EGU24-8927, updated on 08 Mar 2024
https://doi.org/10.5194/egusphere-egu24-8927
EGU General Assembly 2024
© Author(s) 2024. This work is distributed under
the Creative Commons Attribution 4.0 License.

Consistency of resilience indicators in terrestrial vegetation models

Sebastian Bathiany1,2, Lana Blaschke1,2, Andreas Morr1,2, and Niklas Boers1,2,3
Sebastian Bathiany et al.
  • 1Earth System Modelling, School of Engineering and Design, Technical University of Munich, 85521 Ottobrunn, Germany
  • 2Potsdam Institute for Climate Impact Research, Telegrafenberg A 31 14473, Potsdam, Germany 
  • 3Department of Mathematics and Global Systems Institute, University of Exeter, North Park Road, EX4 4QE Exeter, UK

Terrestrial ecosystems are affected by climate change, deforestation and other human influences. There is concern that the resilience of these ecosystems, i.e. their ability to recover from perturbations, is thereby decreased and that their sensitivity to environmental change is increased. In the extreme case, this sensitivity could diverge at a “tipping point”, and propel systems into alternative states. A prominent example is the potential dieback of the Amazon rainforest and the transition to a savanna-like state.

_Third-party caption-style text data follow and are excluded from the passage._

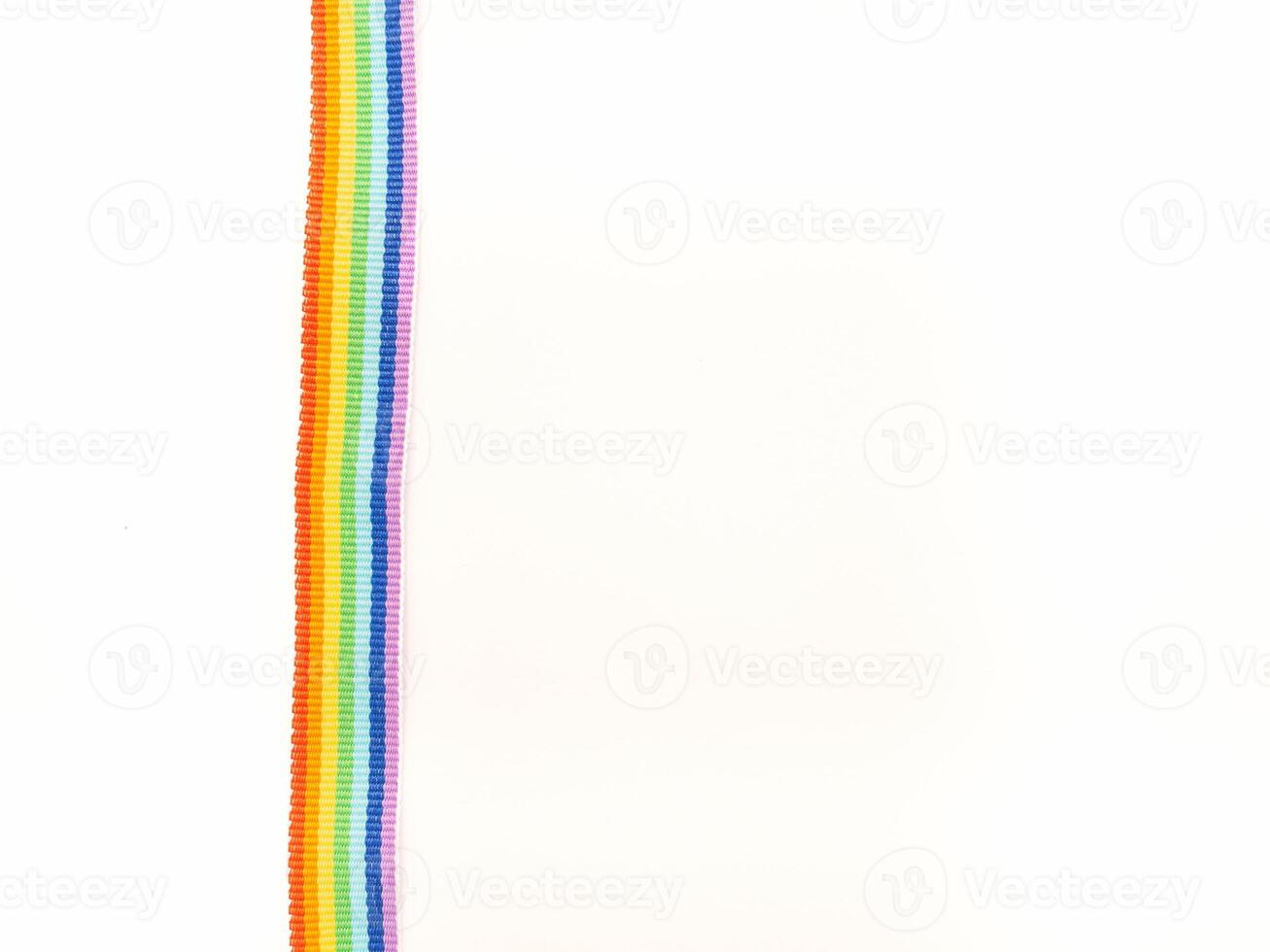 Close-up of a rainbow cloth ribbon on a white background. Top view. photo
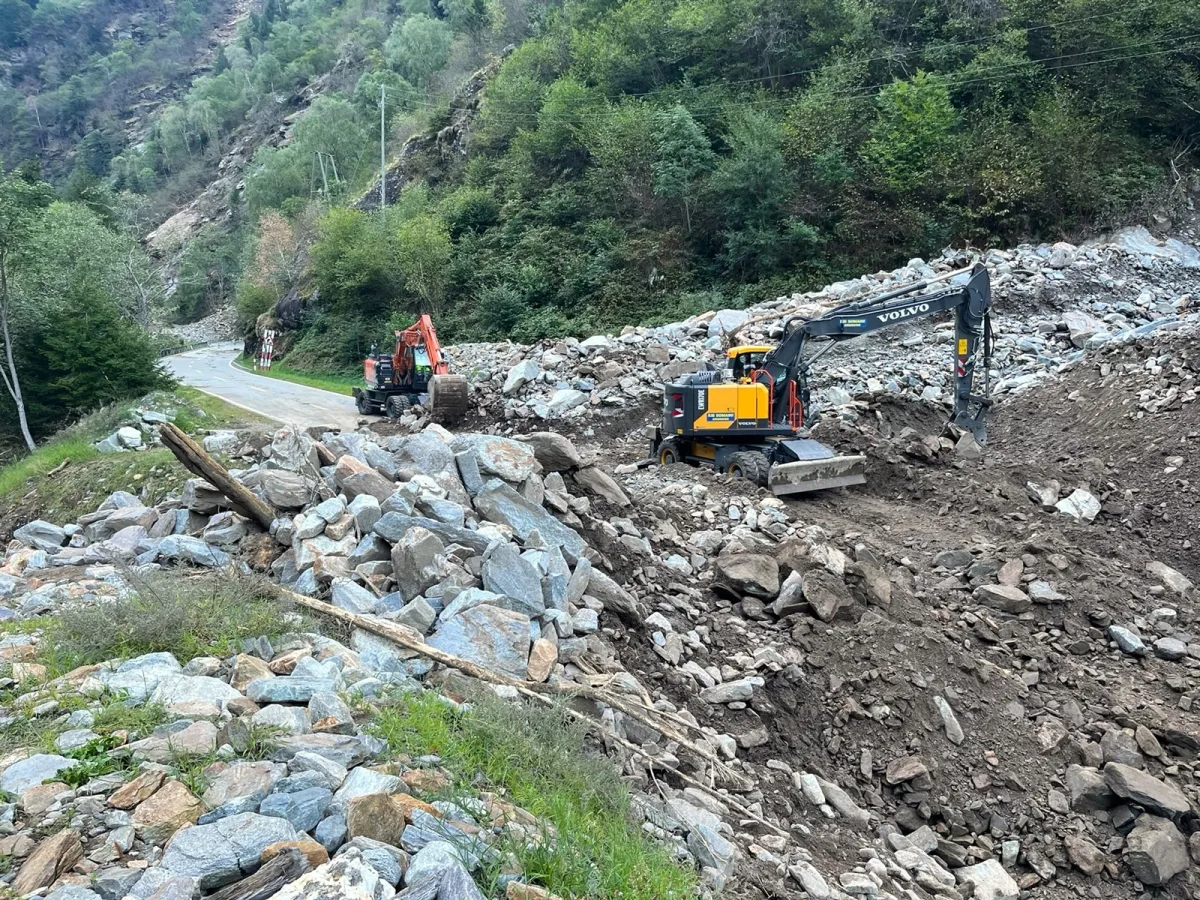 Zwei Bagger arbeiten daran, Geröll und Schutt von einer Bergstraße zu entfernen. Der Bereich ist von Bäumen und felsigem Gelände umgeben.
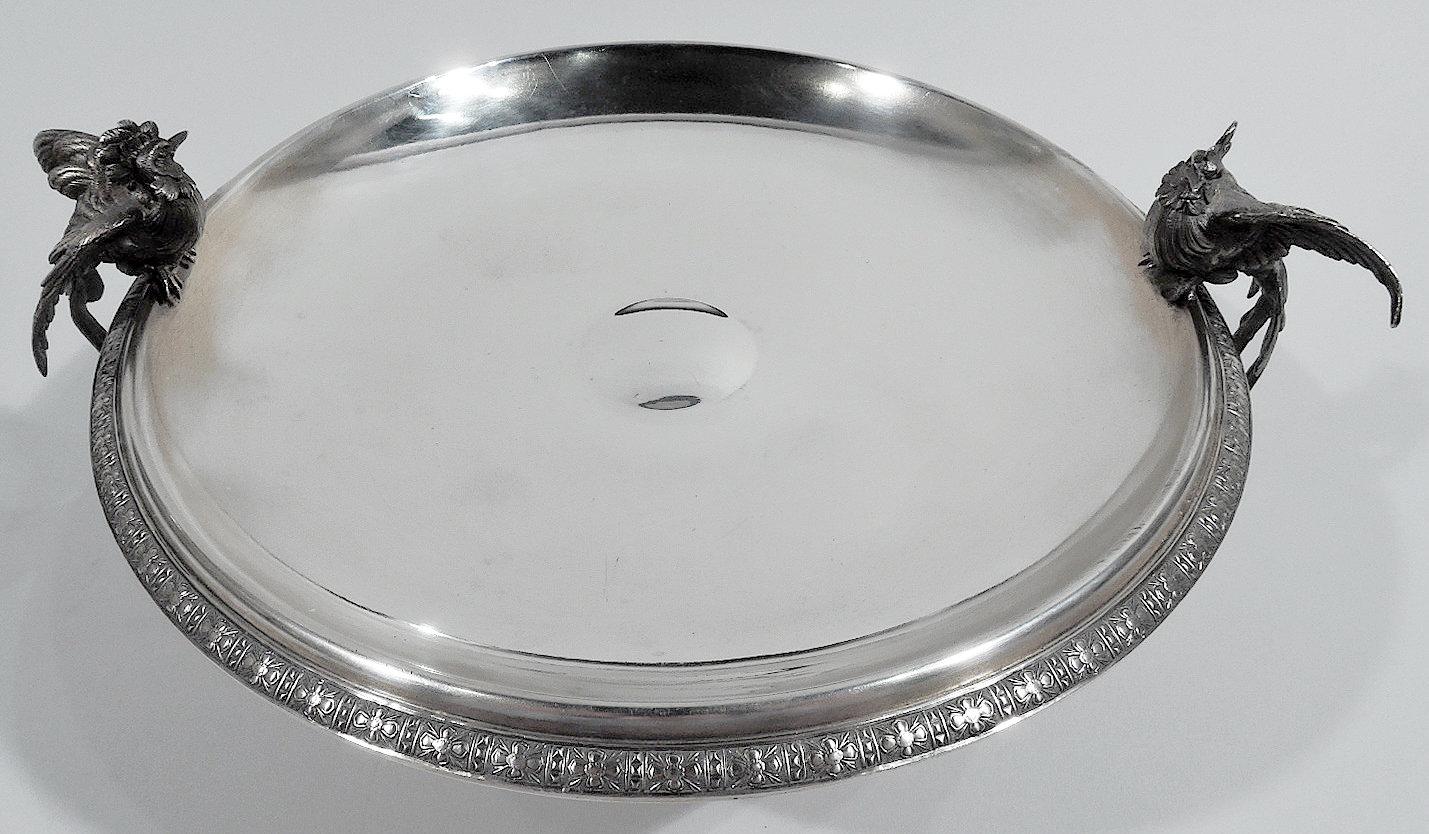 Klassisches Vogelbadkompott aus Sterlingsilber. Hergestellt von Tiffany & Co. in New York. Flache Schale mit umgedrehtem Rand und erhöhtem Fuß. Zwei gegossene Vogelfiguren mit üppigem Gefieder und extravaganten Kronen hocken auf dem Schalenrand,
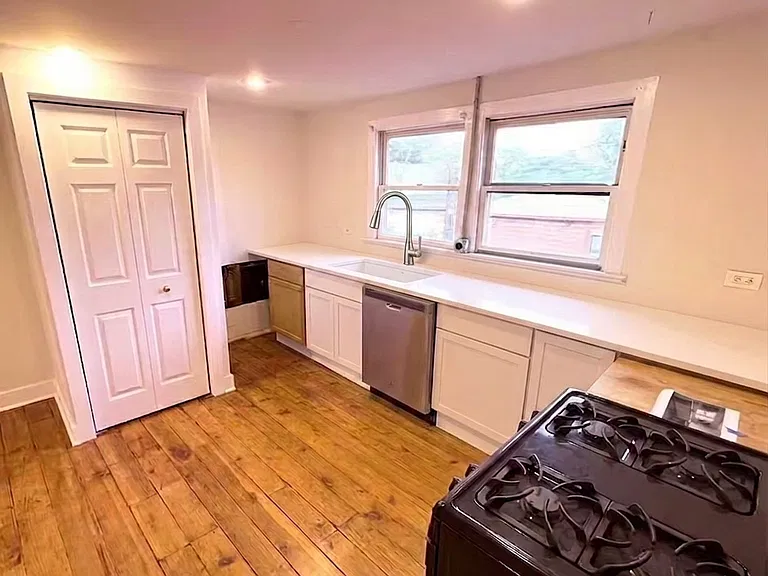 Kitchen with laundry closet.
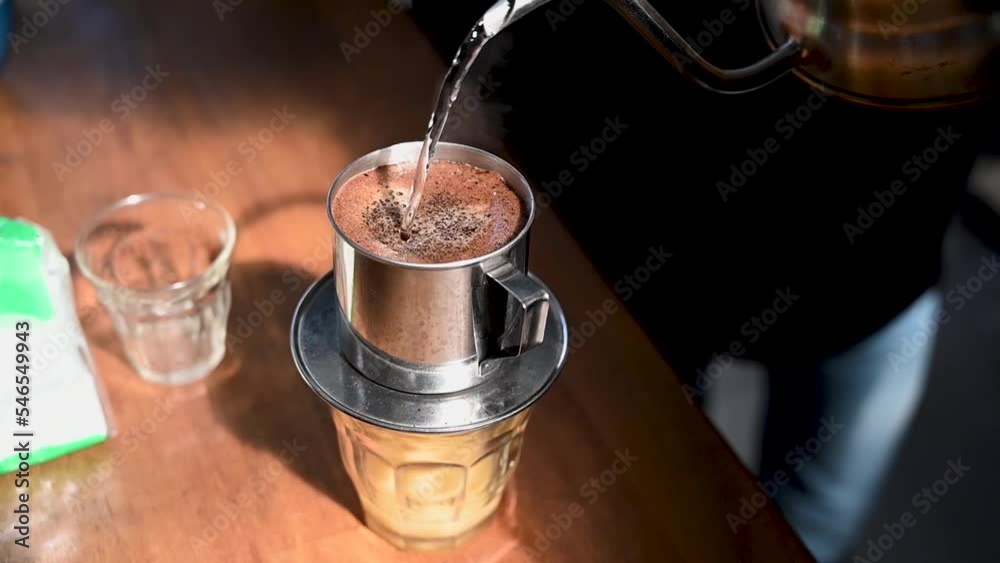 the process of serving Vietnamese drip coffee, from filtering drips to the coffee cup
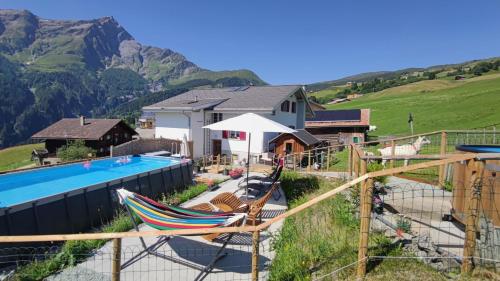 a house with a swimming pool and a mountain at Gasthaus Alpina in Tschappina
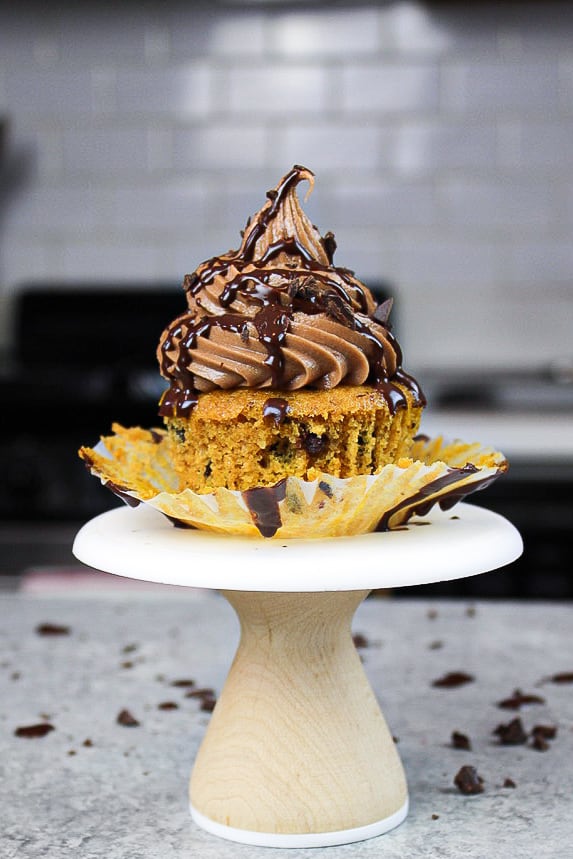 image of chocolate pumpkin cupcake unwrapped and ready to be eaten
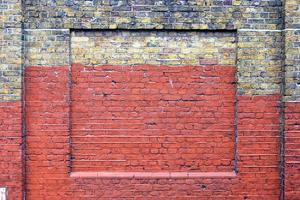 Old brick wall. Texture of old weathered brick wall panoramic background photo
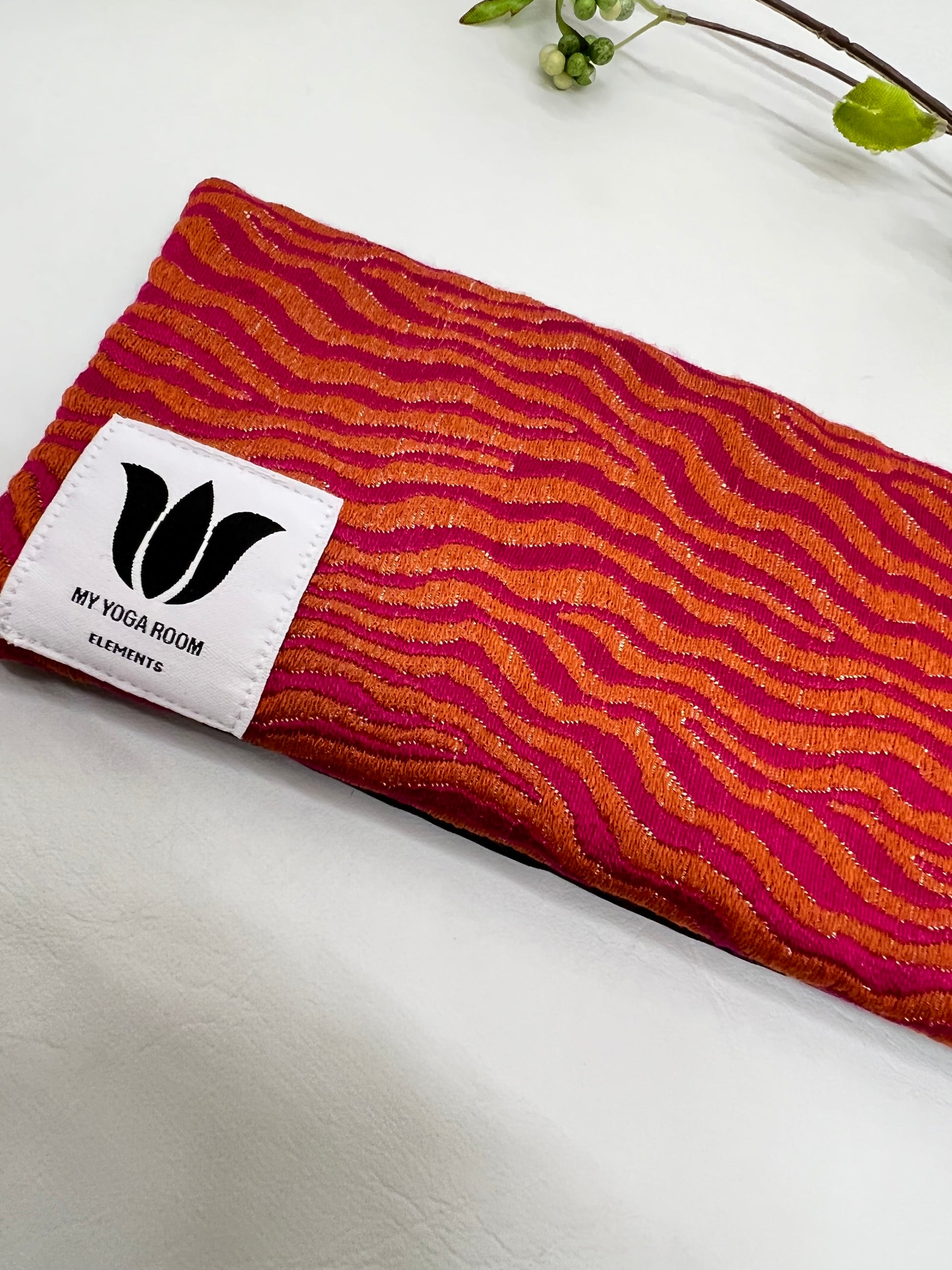Yoga eye pillow, unscented, therapeutically weighted to soothe eye strain and stress or enhance your savasana. Handcrafted in Canada by My Yoga Room Elements. Orange/pink modern print and bamboo fabric.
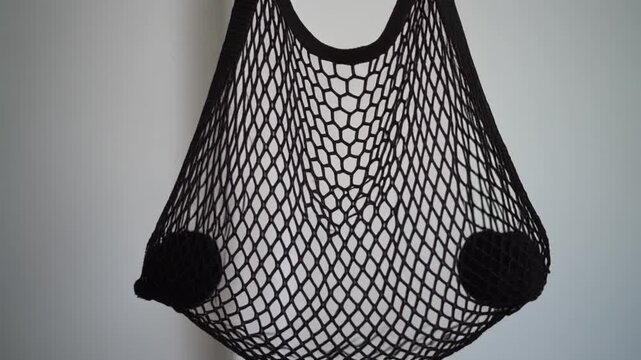 Mesh Ball Bag. Football Training Equipment Mockup (Functional & Educational). Grassroots Training. An empty black mesh ball-carrying bag hanging from a hook, swaying slightly, set against a white wall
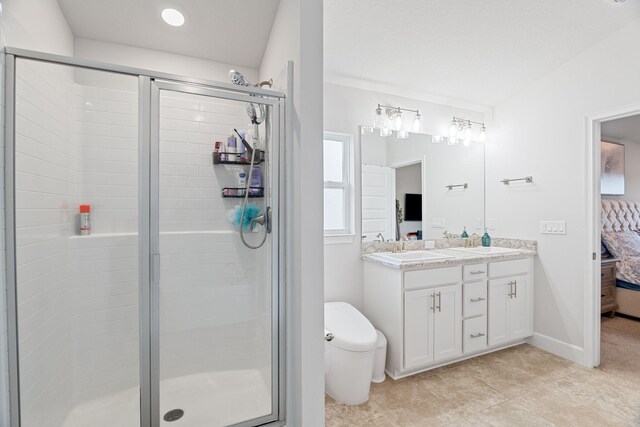 5309 Vespera St, Fort Pierce, FL 34951 - bathroom featuring double vanity, ensuite bathroom, a stall shower, and toilet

The notion of resilience is a highly complex and multi-faceted concept. Ecological resilience theory and the mathematical properties of dynamical systems suggest that a number of different resilience quantifiers are related to each other, or even equivalent, which would allow improved “resilience monitoring” from space. For instance, indicators based on the phenomenon of “critical slowing down” (CSD) like variance and autocorrelation, and related indicators have been used to detect changes over time. In contrast to empirical recovery rates, these indicators do not require one to directly observe the recovery from rare extreme disturbances. Also, they do not rely on the observation or attribution of the responsible environmental drivers.

Based on the assumption that fluctuations in remotely sensed proxies of vegetation properties (like biomass or vegetation greenness) behave like iconic one-dimensional stochastic models (most importantly, the Ornstein-Uhlenbeck process), CSD-based indicators should be related to empirical recovery rates after perturbations, to the more general Kramers-Moyal coefficients rooted in statistical mechanics, and to the sensitivity of a dynamical equilibrium state to environmental change. It has been shown that in observations, the theoretically expected relationships between some of these measures roughly hold. At the same time, process-based models, as well as observations, can deviate from such simple stochastic models, e.g. when multiple plant types affect the resilience of an ecosystem but not its sensitivity to environmental change.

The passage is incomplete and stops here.